Rubens Jardim

A poesia é uma necessidade concreta de todo ser humano.

Meu Diário
05/02/2009 12h39
JORGE DE LIMA, O CASO MAIS APAIXONANTE DA POESIA BRASILEIRA



Ele foi príncipe dos poetas alagoanos e plebeu do modernismo. Já glorioso no regionalismo, abandonou tudo, a princípio pela aventura supra-realista; em seguida, para ser neófito da poesia religiosa e, por fim, para cair de cabeça no caos. Sua obra é uma espécie de resumo de toda a história literária de seu tempo. Ou como acentuou Otto Maria Carpeaux "é Jorge de Lima o único poeta contemporâneo do Brasil cuja obra acompanha e evidencia todas as fases da evolução da poesia brasileira moderna."
Tenho um e-book disponível para os interessados.Chama-se Jorge de Lima,80 Anos e está no meu sítio de palavras www.rubensjardim.com  Por enquanto, leia este poema, maravilhoso e antológico, que foi publicado em A Túnica Inconsútil. E abaixo dele um poema do Livro de Sonetos, que apresenta uma curiosidade: os seus 14 versos formam um único período. Dá pra perceber que a ausência de interrupção do discurso e a presença de numerosos fonemas nasais emprestam ao poema um extraordinário efeito musical.
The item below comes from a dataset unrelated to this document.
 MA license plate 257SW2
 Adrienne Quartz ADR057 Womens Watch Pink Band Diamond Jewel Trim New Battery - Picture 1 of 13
Certamente, muito intencional, pois o primeiro verso não passa de uma repetição do nome de uma das peças pianísticas mais executadas de Ravel : Pavane pour une infante défunte


O NOME DA MUSA

Não te chamo Eva,
não te dou nenhum nome de mulher nascida,
nem de fada, nem de deusa, nem de musa, nem de sibila, nem de terras,
nem de astros, nem de flores.
Mas te chamo a que desceu do luar para causar as marés
e influir nas coisas oscilantes.
Quando vejo os enormes campos de verbena agitando as corolas
sei que não é o vento que bole, mas tu que passas com os cabelos soltos.
Amo contemplar-te nos cardumes das medusas que vão para os mares boreais,
ou no bando das gaivotas e dos pássaros revoando
sobre as terras geladas.
Não te chamo Eva,
não te dou nenhum nome de mulher nascida.
O teu nome deve estar nos lábios dos meninos que nasceram mudos,
nos areias movediços e silenciosos que já foram o fundo do mar,
no ar lavado que sucede as grandes borrascas,
na palavra dos anacoretas que te viram sonhando
e morreram quando despertaram,
no traço que os raios descrevem e que ninguém jamais leu.
Em todos esses movimentos há apenas sílabas do teu nome secular
que coisas primitivas escutaram e não transmitiram às gerações.
Esperemos, amigo, que searas gratuitas nasçam de novo,
e os animais da criação se reconciliem sob o mesmo arco-iris:
então ouvireis o nome da que não chamo Eva,
nem lhe dou nenhum nome de mulher nascida.

DO LIVRO DE SONETOS

Essa pavana é para uma defunta
infanta, bem-amada, ungida e santa,
e que foi encerrada num profundo
sepulcro recoberto pelos ramos

de salgueiros silvestres para nunca
ser retirada desse leito estranho
em que repousa ouvindo essa pavana
recomeçlada sempre sem descanso,

sem consolo, através dos desenganos,
dos reveses e obstáculos da vida,
das ventanias que se insurgem contra

a chama inapagada, a eterna chama
que anima esta defunta infanta ungida
e bem-amada e para sempre santa.

Abaixo divulgo dois links do Youtube com vídeos sobre Jorge de Lima. Um deles , http://www.youtube.com/watch?v=KUGCMf7DdF8  trata da biografia do poeta. O outro http://www.youtube.com/watch?v=B6WIg0Y7h18 mostra cenas do desfile do Carnaval de 1975, quando a Mangueira homenageou o poeta Jorge de Lima.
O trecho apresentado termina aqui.